What can you learn from my experience? Don’t be afraid to ask questions. If something sounds too good to be true, it probably is. So if you get someone at a bank trying to steer you toward something ask – what fees are involved (monthly, annually, load)? Are there surrender charges? What’s your commission on this product? Why do you think this is right for me? Is it FDIC insured? Is this an annuity (especially when someone says the income is “guaranteed!” – it may be an annuity)?
Also, don’t use a bank for your IRA. Banks are almost uniformly terrible places to invest. Usually they’re high fee, low return, and high commission (for the salesperson, not you, unfortunately). Use one of the discount brokerage firms, like Vanguard, Fidelity, or Charles Schwab. Heck if you’re completely risk averse you can use an online savings account company like Capital One 360 or Ally bank. Not only does this allow you more flexibility with your money since you can invest in anything for low costs, but you have the option to get the highest possible interest rate on your account.
Bank products for investing and saving tend to be horrible choices – high fees, extremely low interest rates, and smartly dressed salespeople. The only things I like them for are when you need a free notary or medallion signature guarantee, a safe deposit box, and some checking account options. Their savings accounts are terrible and their investment options are frightening.
Have you ever been pitched an annuity inside a retirement account? Have you ever had to control yourself from laughing when a salesperson makes a terrible recommendation? Let me know in the comments.
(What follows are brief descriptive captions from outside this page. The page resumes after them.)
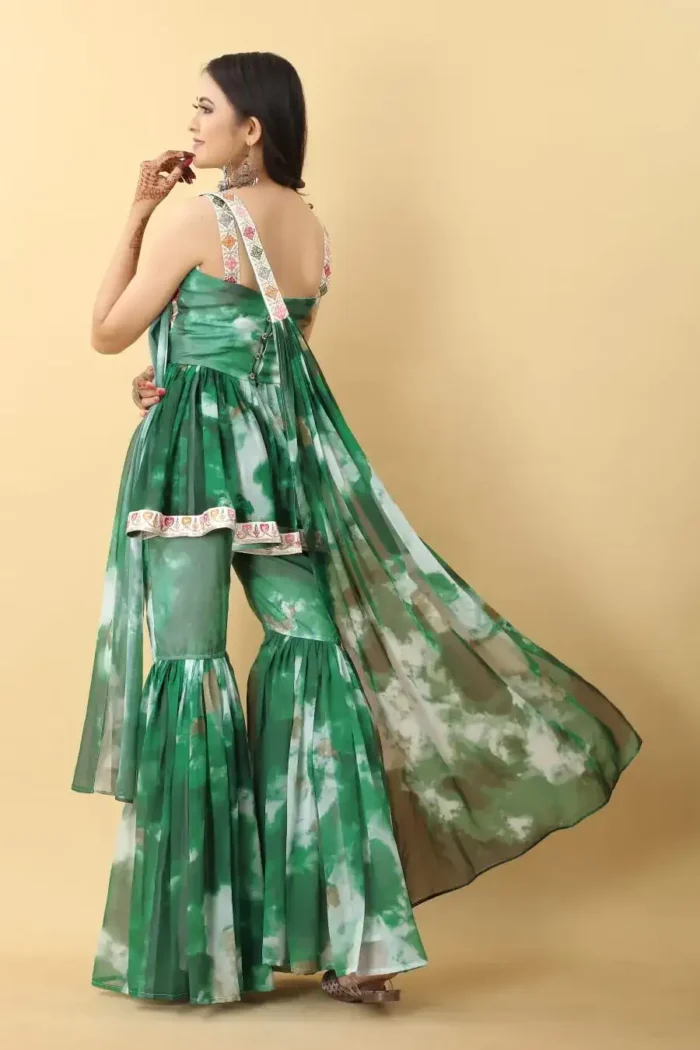 Green colour Zari & Sequins Embroidered Georgette Sharara Dress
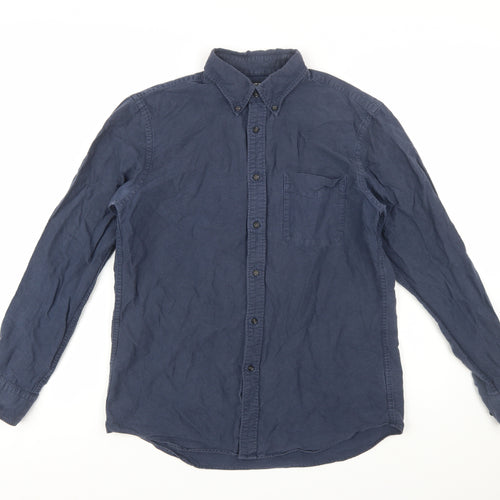 Uniqlo Men's Blue Regular Fit Long Sleeve Button-Up Shirt M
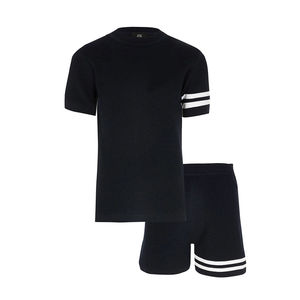 Ensemble deux pièces élégant pour homme : T-shirt à manches courtes en soie glacée à séchage rapide avec imprimé dégradé et short décontracté d'été – Tenue de sport - Product Image 4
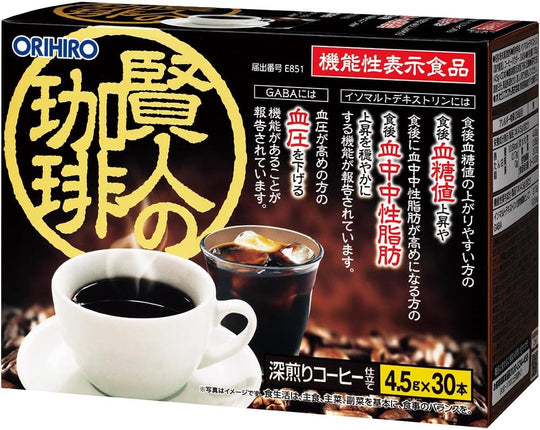 オリヒロ　 賢人のコーヒー　GABA 配合 黒 粉末 珈琲 135g(4.5g×30本)
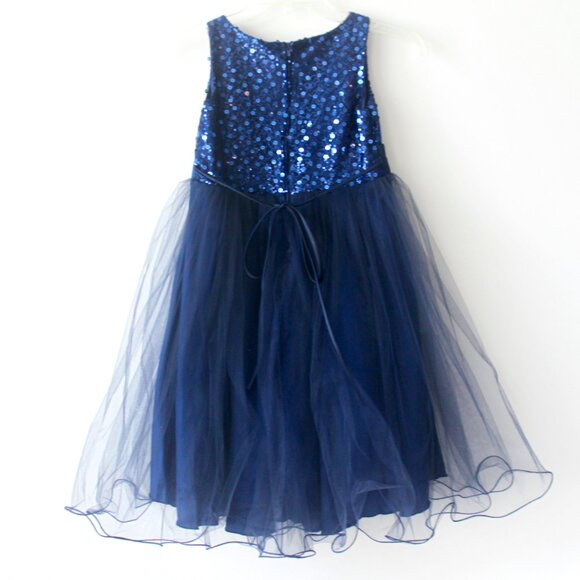 Kid's Dream Navy Blue Sequin Curly Tulle Sleeveless Knee-Length Party Dress 8-10 - Picture 4 of 10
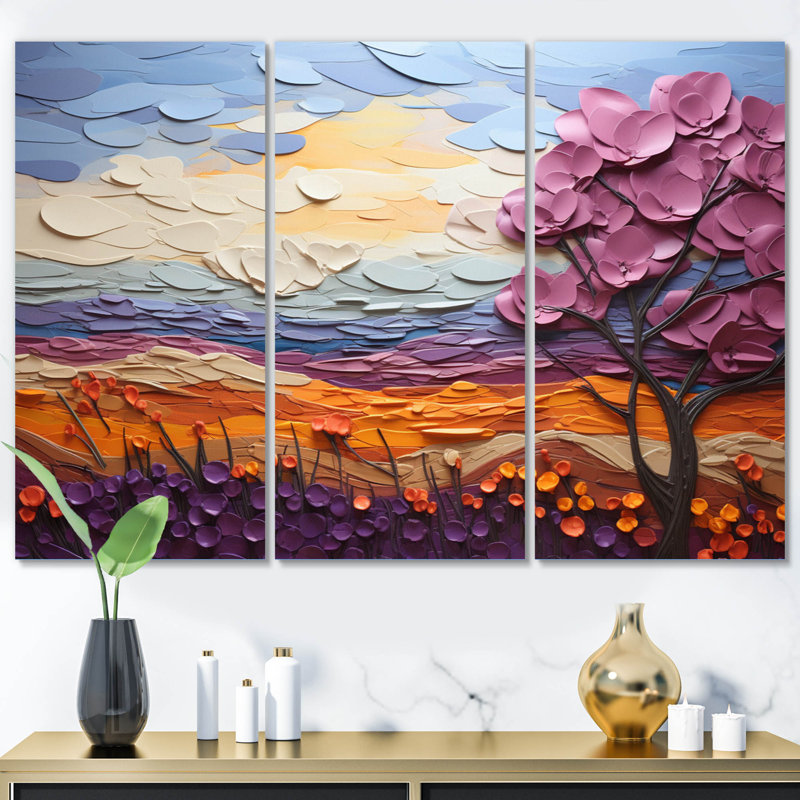 «Emotion Terrain I» sur toile, ensemble de 3 pièces, H 28 po x l 36 po x P 1 po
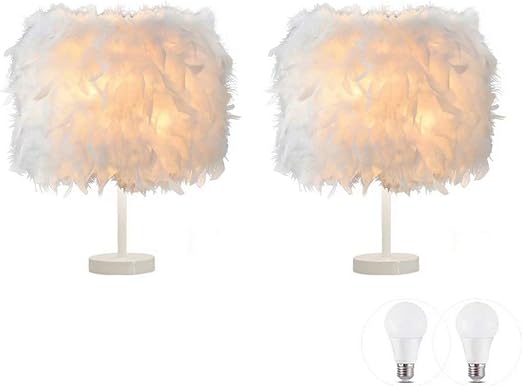 paquete de 2 lamparas de mesa de plumas lampara de mesilla de noche lampara de mesilla de noche base blanca con bombilla de 3 w para sala de estar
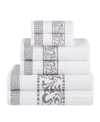 Superior Athens Cotton With Greek Scroll And Floral Pattern Assorted, 6 Piece Bath Towel Set In White-chrome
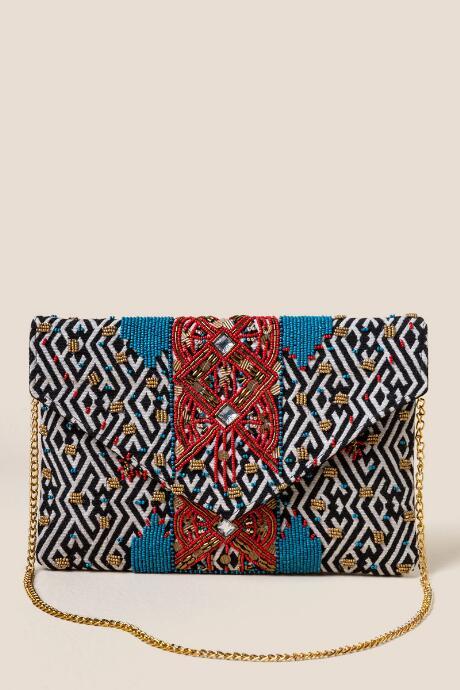 Francesca's Avery Beaded Clutch - Black/white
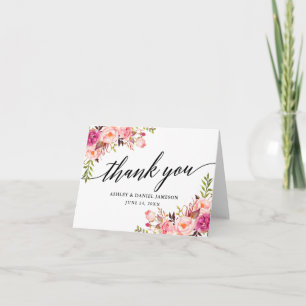 Calligraphy Rosa Blommigt Bröllop Tack Kort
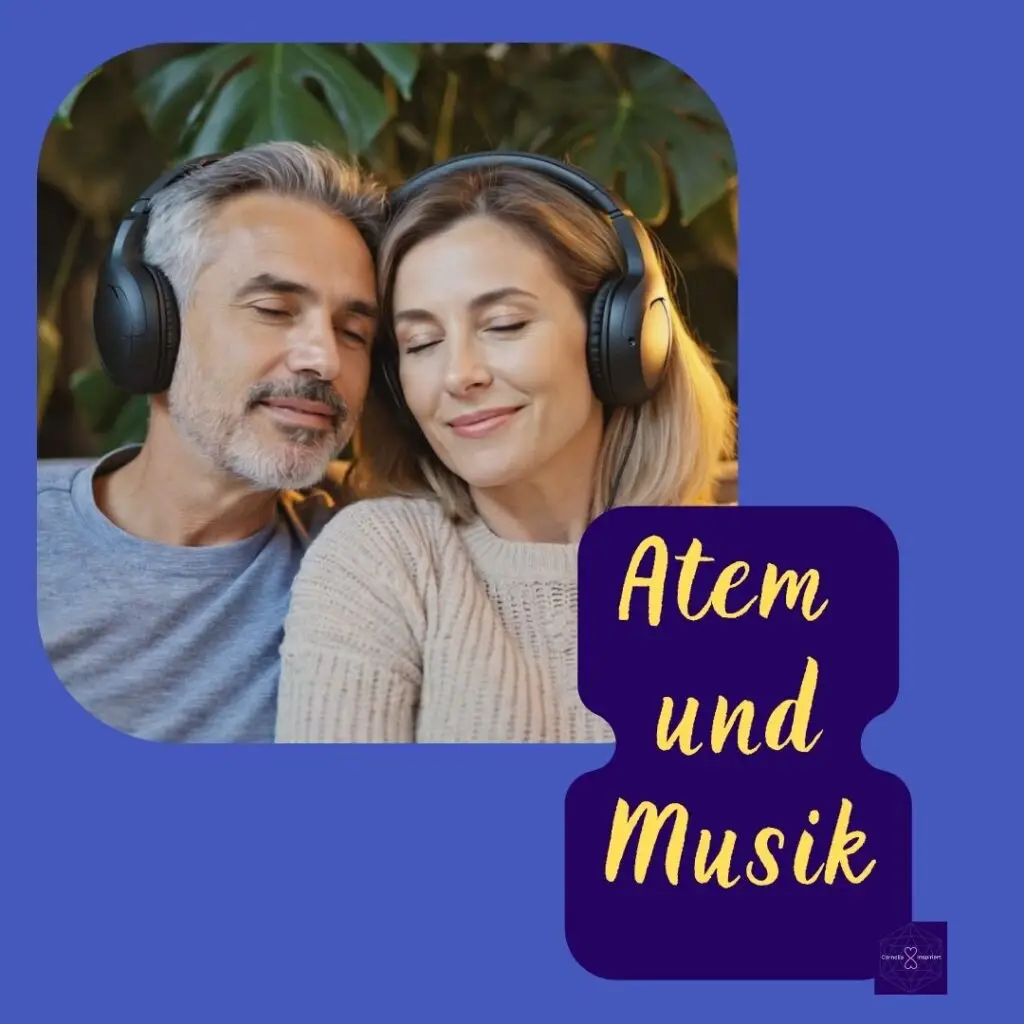 Paar genießt Musik mit Kopfhörer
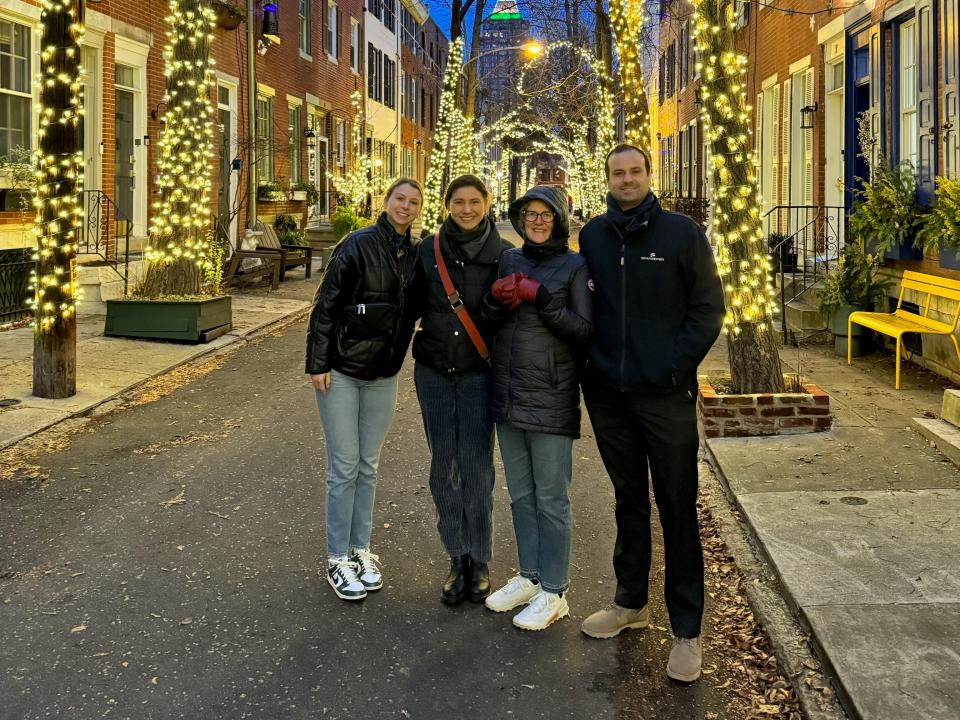 Family posing for photo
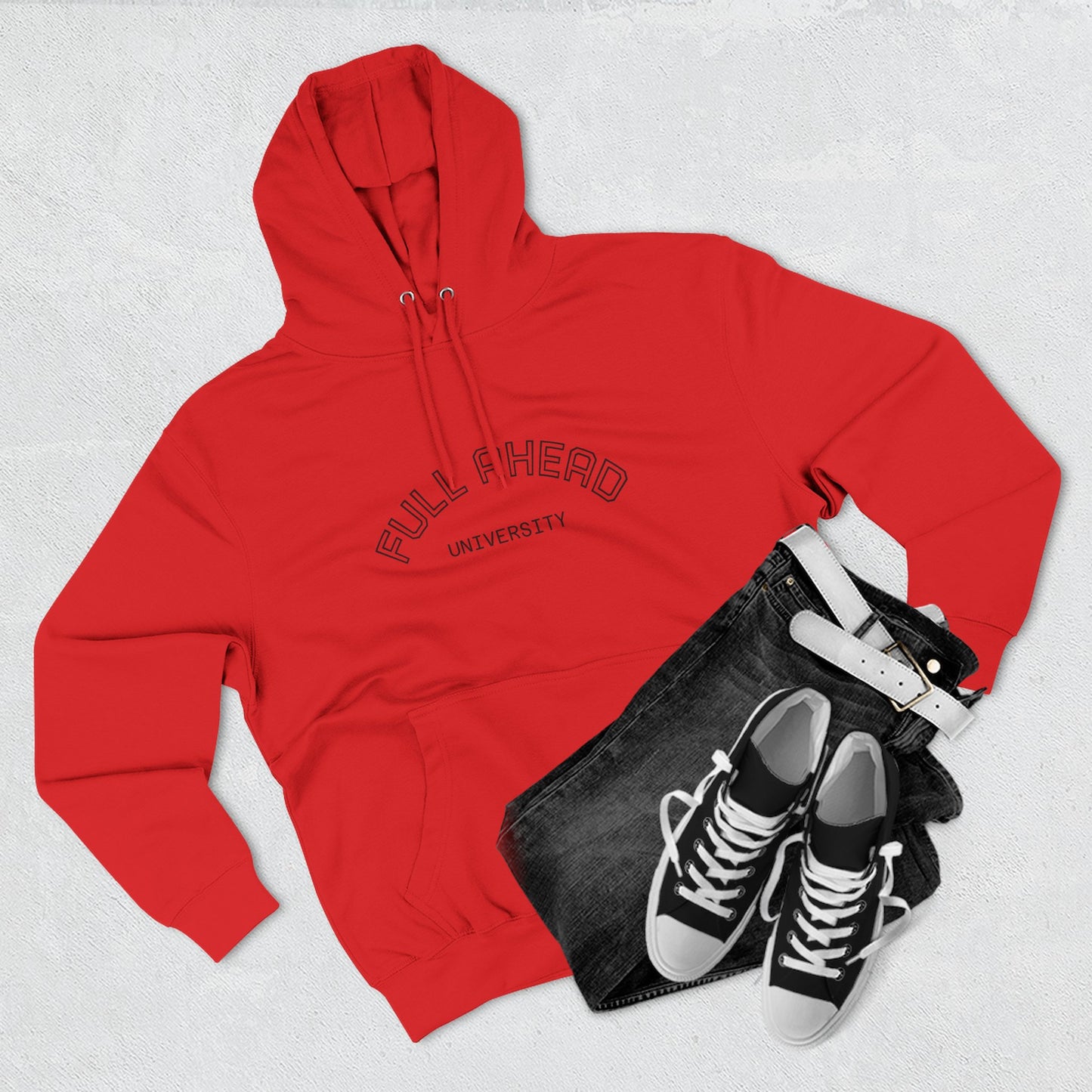 Cozy Fleece Hoodie for College Students, Full Ahead Design, Perfect for Casual Outings, Gifts for Graduates, Nautical Style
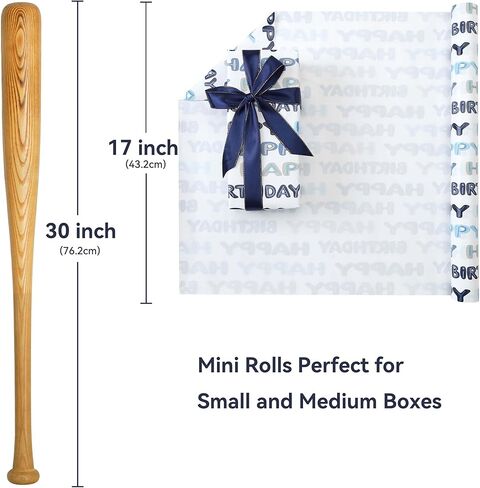 Qirrmiy Birthday Wrapping Paper Roll, Mini Roll-17 Inches * 32.8 Feet, Wrap Paper for Men Boys, Kid's Birthday Party, Baby boy, Baby Shower, Newborn, New Moms or Parents, Words Design, 1 Roll in Saudi Arabia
2 thoughts on “Why The Bank Thinks I’m Stupid – Annuities in an IRA”
I had a friend that got pitched an annuity and he asked me what to do. After laughing for a good five minutes I told him as a 28 year old that there was no reason that he needed this “investment” product. He soon there after set up a Vanguard account and has been dollar cost averaging ever since. I can’t stand when financial products are being pushed to people that clearly have no need for this type of investment. No wonder Wall Street and the Banks aren’t trusted.
I know, aren’t banks ridiculous? They must know these products are not right for the people they’re pitching them to.